===== Exercise data

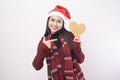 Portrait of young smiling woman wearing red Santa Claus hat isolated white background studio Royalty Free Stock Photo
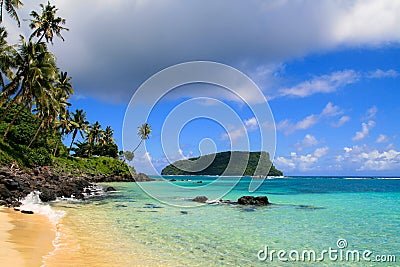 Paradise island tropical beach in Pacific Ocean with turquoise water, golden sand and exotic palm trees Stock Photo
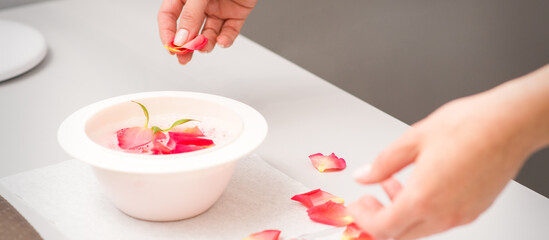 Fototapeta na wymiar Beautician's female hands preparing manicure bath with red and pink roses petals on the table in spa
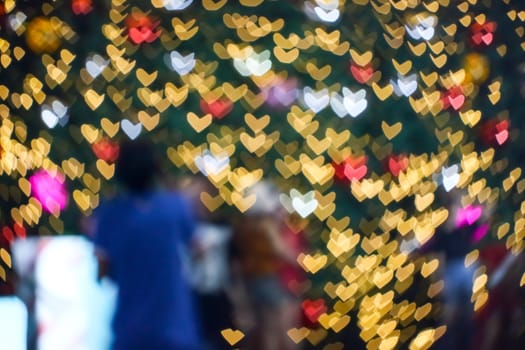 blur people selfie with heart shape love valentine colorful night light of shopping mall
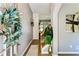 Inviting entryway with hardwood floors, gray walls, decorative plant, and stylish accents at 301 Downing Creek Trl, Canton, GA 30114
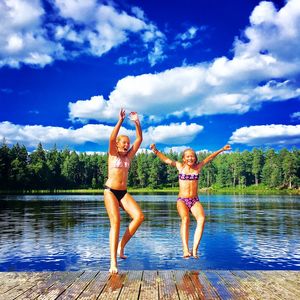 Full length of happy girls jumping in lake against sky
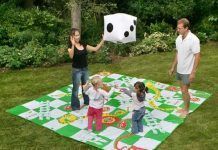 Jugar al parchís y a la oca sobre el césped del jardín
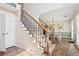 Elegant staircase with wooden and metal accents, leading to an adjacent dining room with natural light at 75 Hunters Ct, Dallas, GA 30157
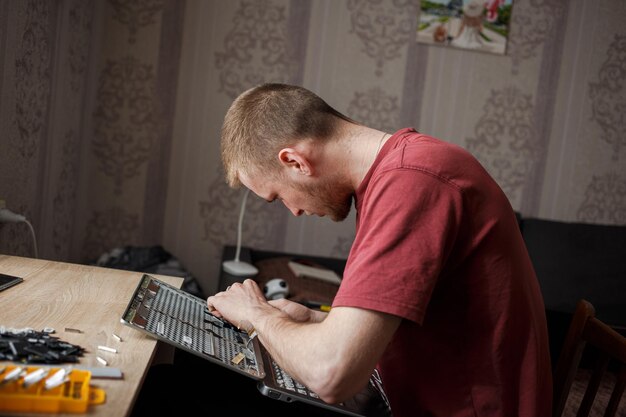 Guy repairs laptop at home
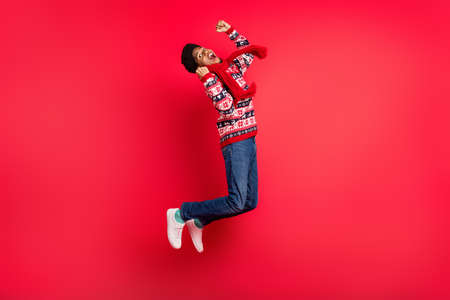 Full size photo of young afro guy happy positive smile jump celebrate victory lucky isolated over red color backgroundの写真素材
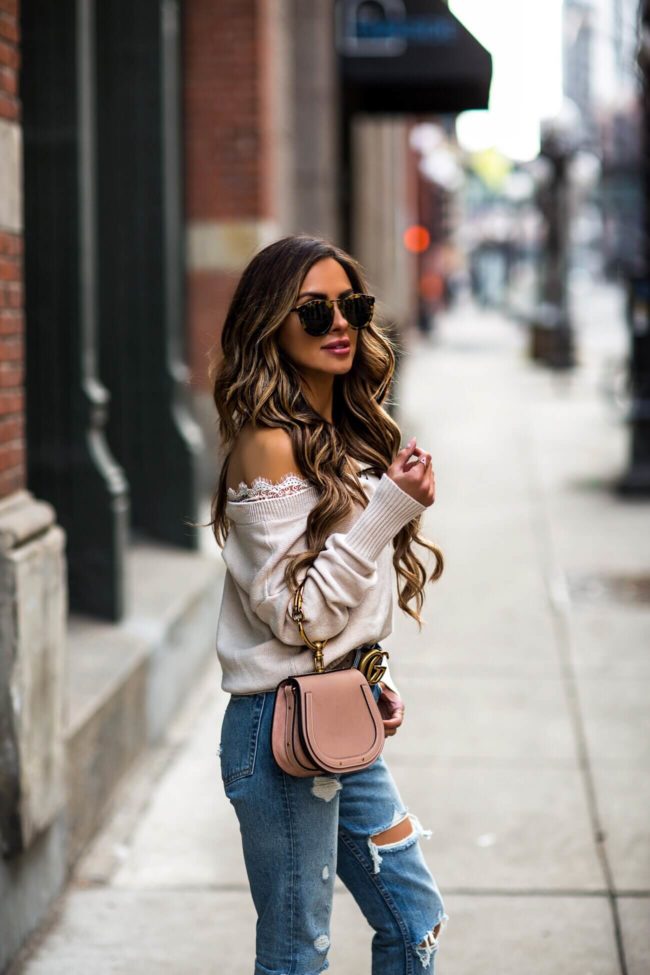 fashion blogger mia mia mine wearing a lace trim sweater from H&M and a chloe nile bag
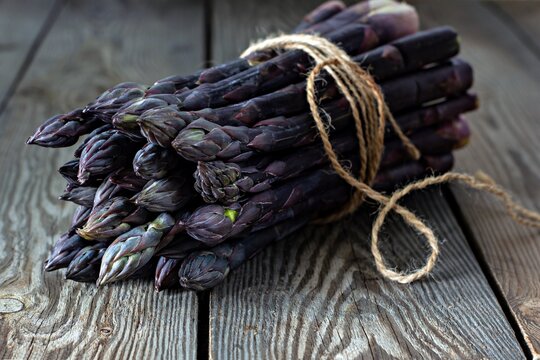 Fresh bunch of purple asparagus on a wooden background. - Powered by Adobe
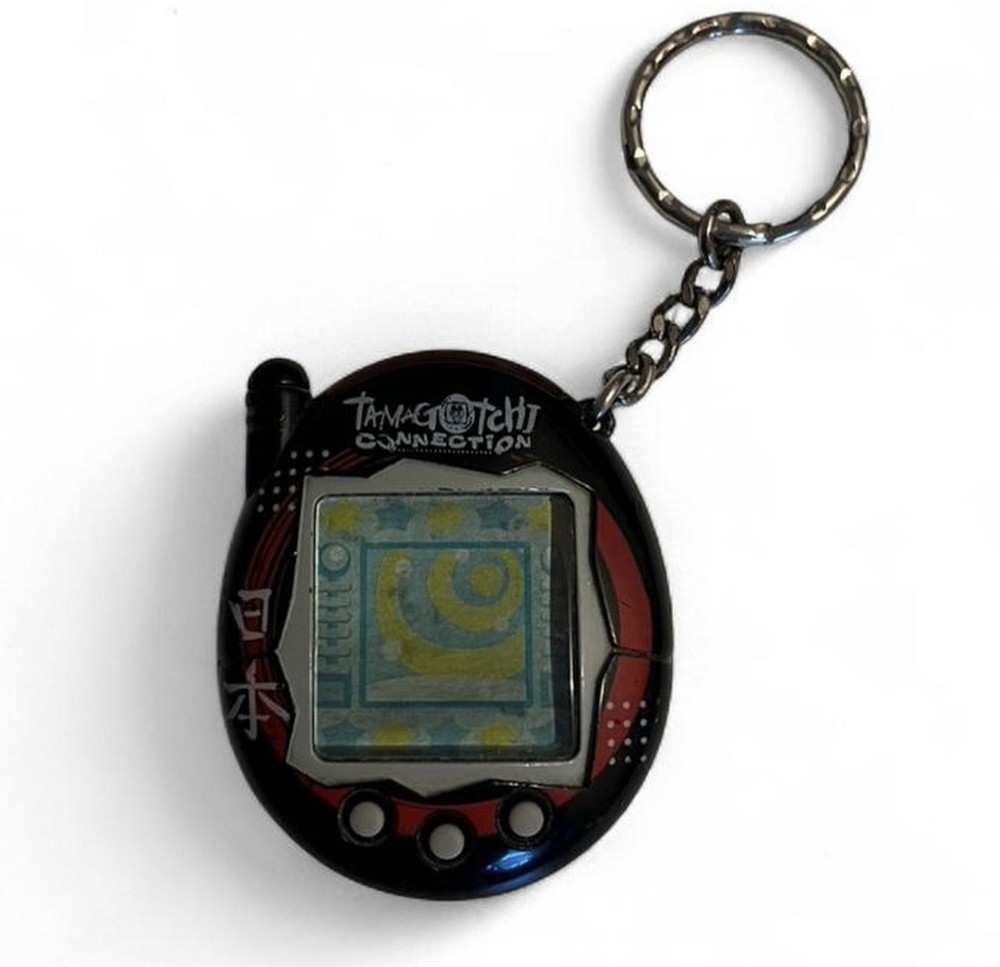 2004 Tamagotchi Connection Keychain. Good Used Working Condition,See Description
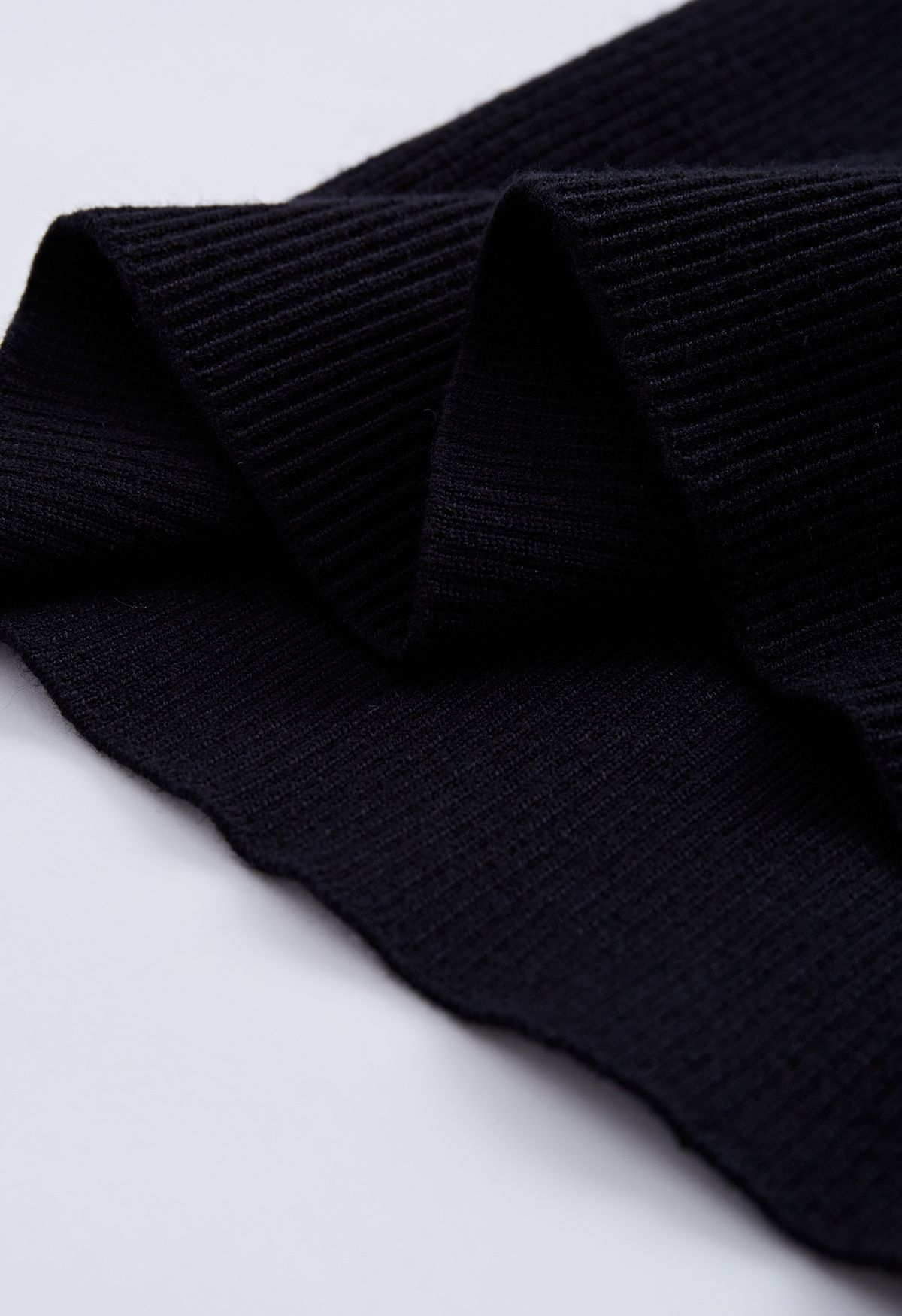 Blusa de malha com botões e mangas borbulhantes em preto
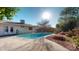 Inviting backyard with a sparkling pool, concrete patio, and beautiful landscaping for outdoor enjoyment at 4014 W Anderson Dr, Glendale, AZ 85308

==========

● What you are asked to do
Output exactly the lines from the one containing "Blusa de malha" through the last line of the records above, both included, and leave out the pictures.

● Solution below
 Blusa de malha com botões e mangas borbulhantes em preto
 Inviting backyard with a sparkling pool, concrete patio, and beautiful landscaping for outdoor enjoyment at 4014 W Anderson Dr, Glendale, AZ 85308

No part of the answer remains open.